Exercise directions: Only the lines from the first line of the entries through the line with "اتاق لوکس, Khang Bảo Viên" belong in the answer, each restated word for word and without pictures.

Captioned web image data:
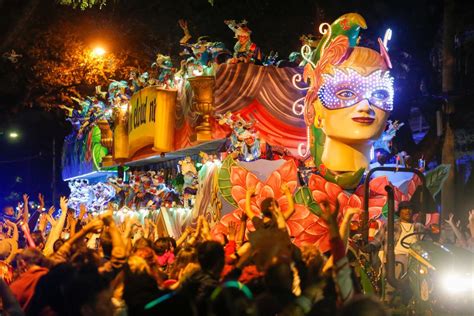 New Orleans Mardi Gras parade 2023 livestream: Watch NOLA's iconic krewe parade floats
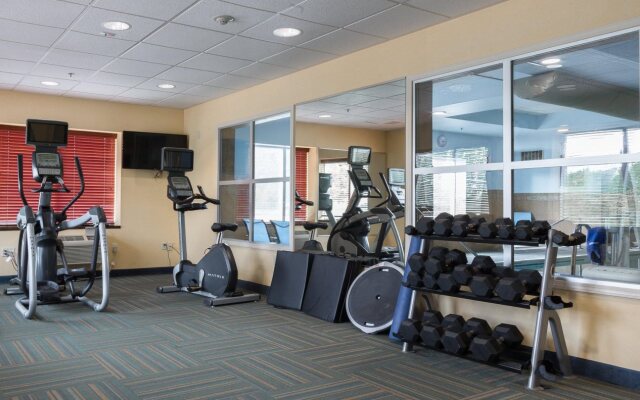 Holiday Inn Express & Suites Seattle North - Lynnwood by IHG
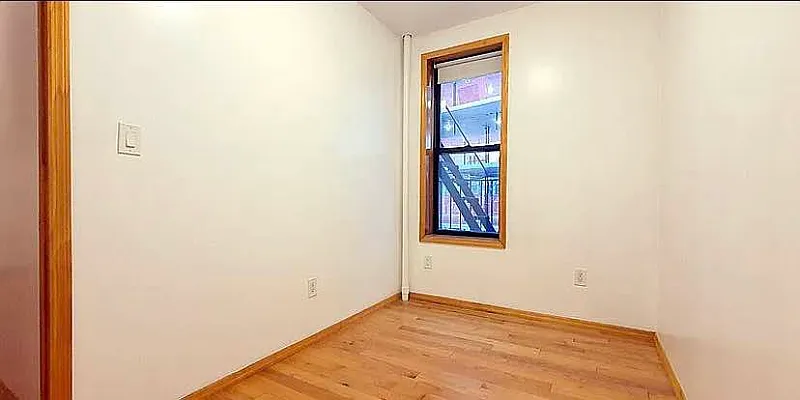 Rented by MPGL Realty Corp | media 12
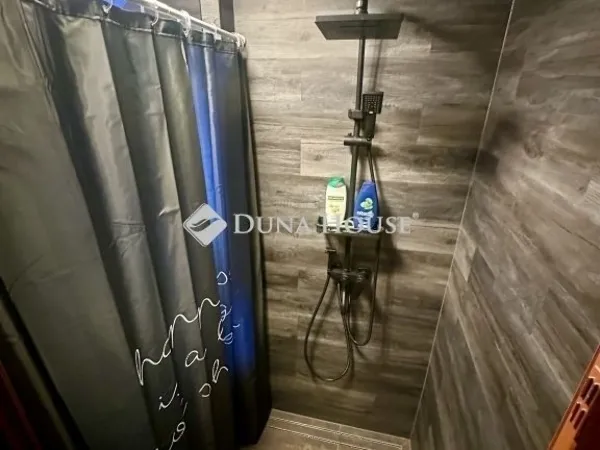 Eladó ház Vecsés 129 nm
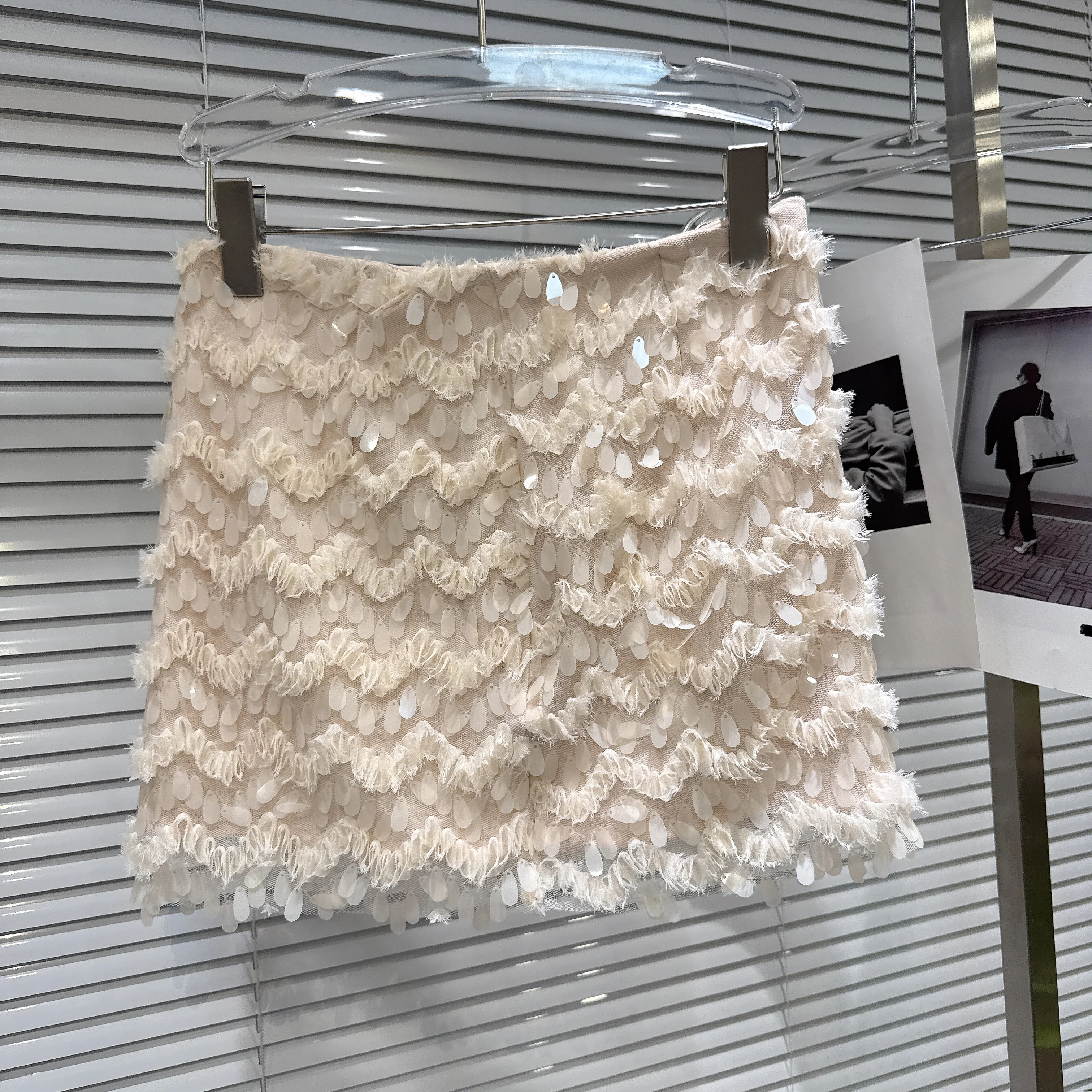 

Зима 2025 года, новинка во французском стиле, высококачественная короткая юбка из ткани с пайетками, сексуальная короткая облегающая юбка для женщин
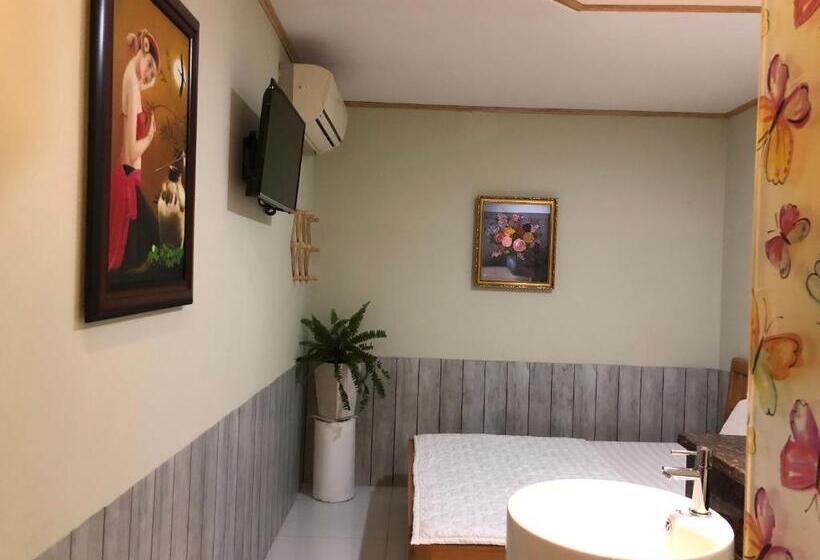 اتاق لوکس, Khang Bảo Viên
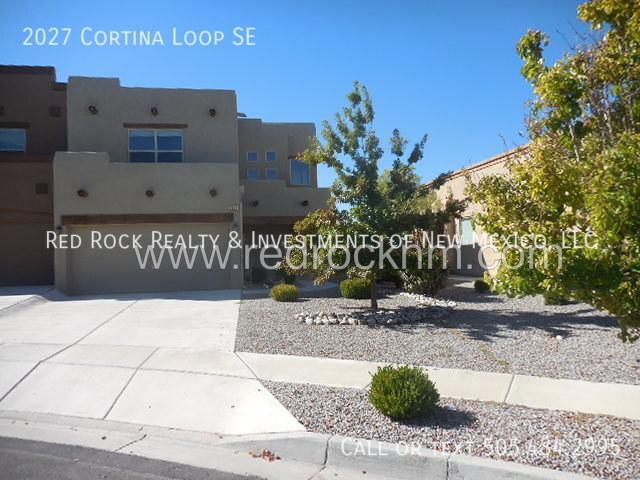 Building Photo - 2BR+Loft/2.5BTH Townhome in Gated Cabezon ...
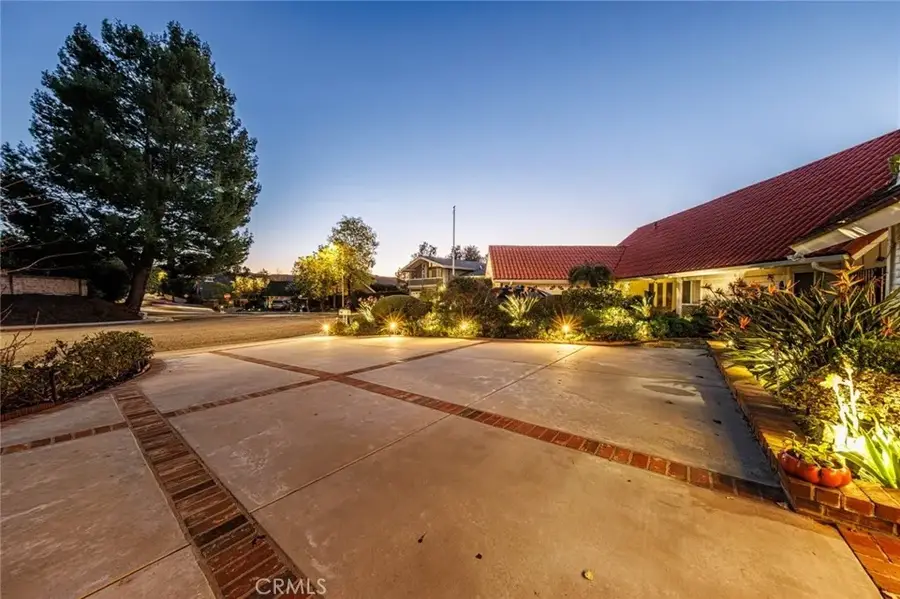 22957 De Kalb Drive, Calabasas, CA 91302 - Image #3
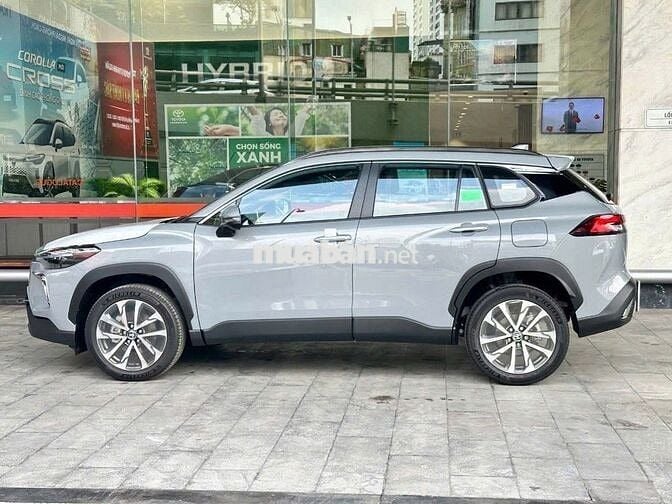 Toyota Corolla Cross 2026 (Xám, Đen) Giao ngay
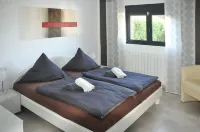 Modern bungalow with heated pool, 50m from the sea - whirlpool - - 4-Star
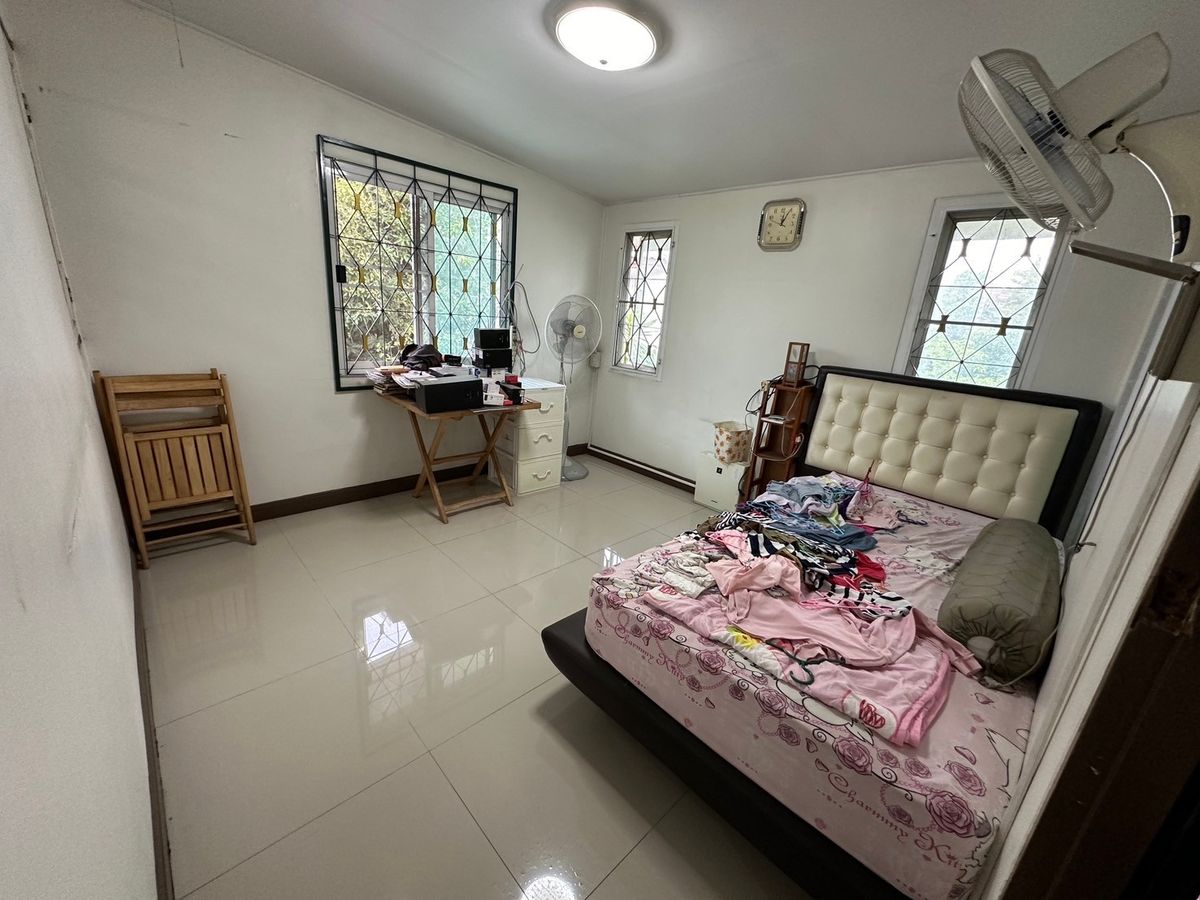 For SaleHouseMin Buri, Romklao : Thararom Park Way Home Ramkhamhaeng 150 /5 Bedrooms (Sale), Tarom Parkway Home Ramkhamhaeng 150 /5 Bedrooms (For Sale) AA303
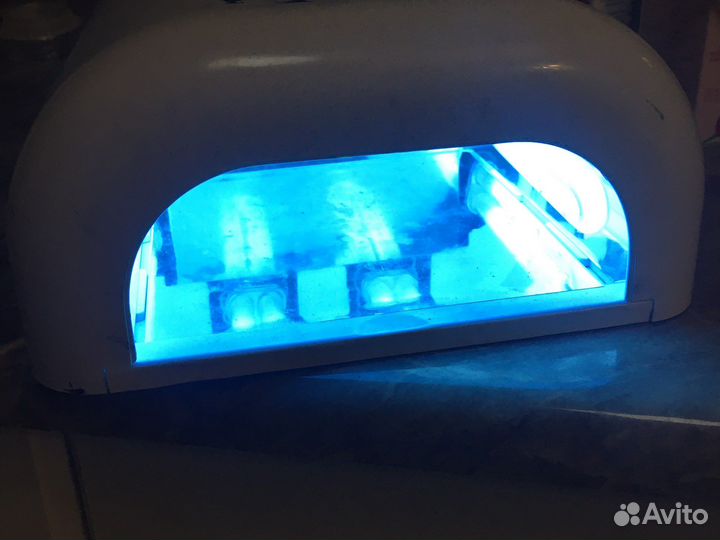 Лампа для ногтей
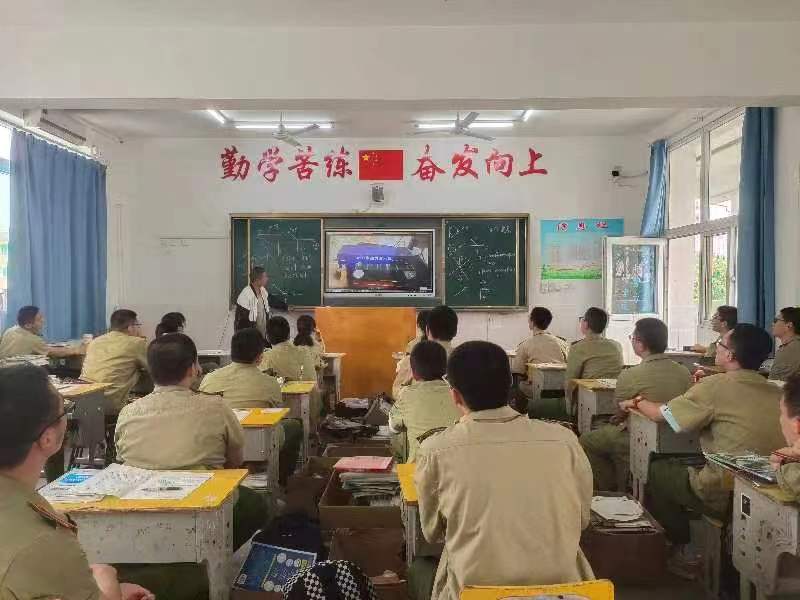 69080fb3ff0d19eb7200f7ad94aa975 69080fb3ff0d19eb7200f7ad94aa975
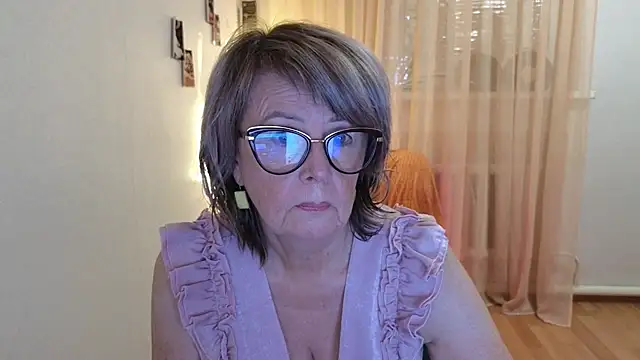Grace_Grov - Do you want to take off my bra?💦😋💦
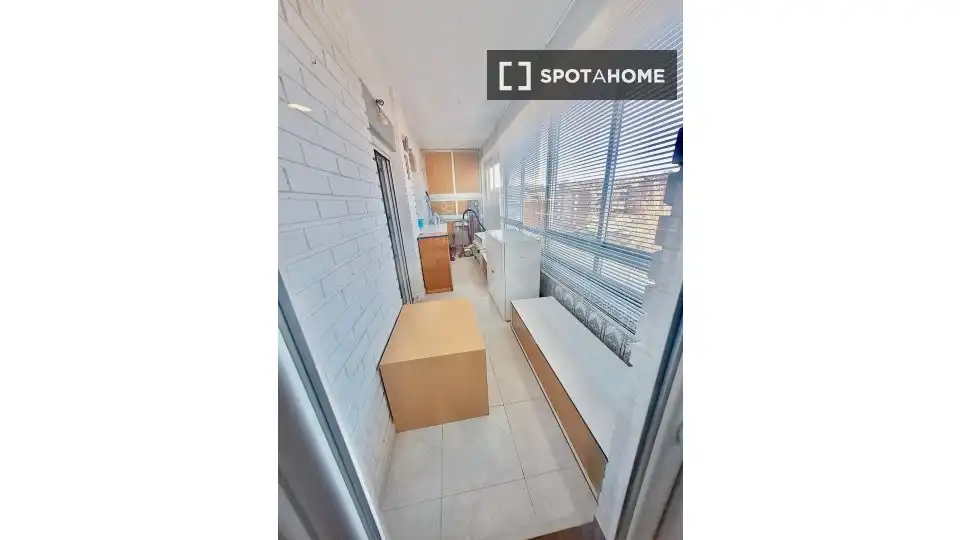 Habitación de Piso de alquiler en Madrid con Aire acondicionado, Calefacción y Amueblado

Solution below:
 New Orleans Mardi Gras parade 2023 livestream: Watch NOLA's iconic krewe parade floats
 Holiday Inn Express & Suites Seattle North - Lynnwood by IHG
 Rented by MPGL Realty Corp | media 12
 Eladó ház Vecsés 129 nm

Зима 2025 года, новинка во французском стиле, высококачественная короткая юбка из ткани с пайетками, сексуальная короткая облегающая юбка для женщин
 اتاق لوکس, Khang Bảo Viên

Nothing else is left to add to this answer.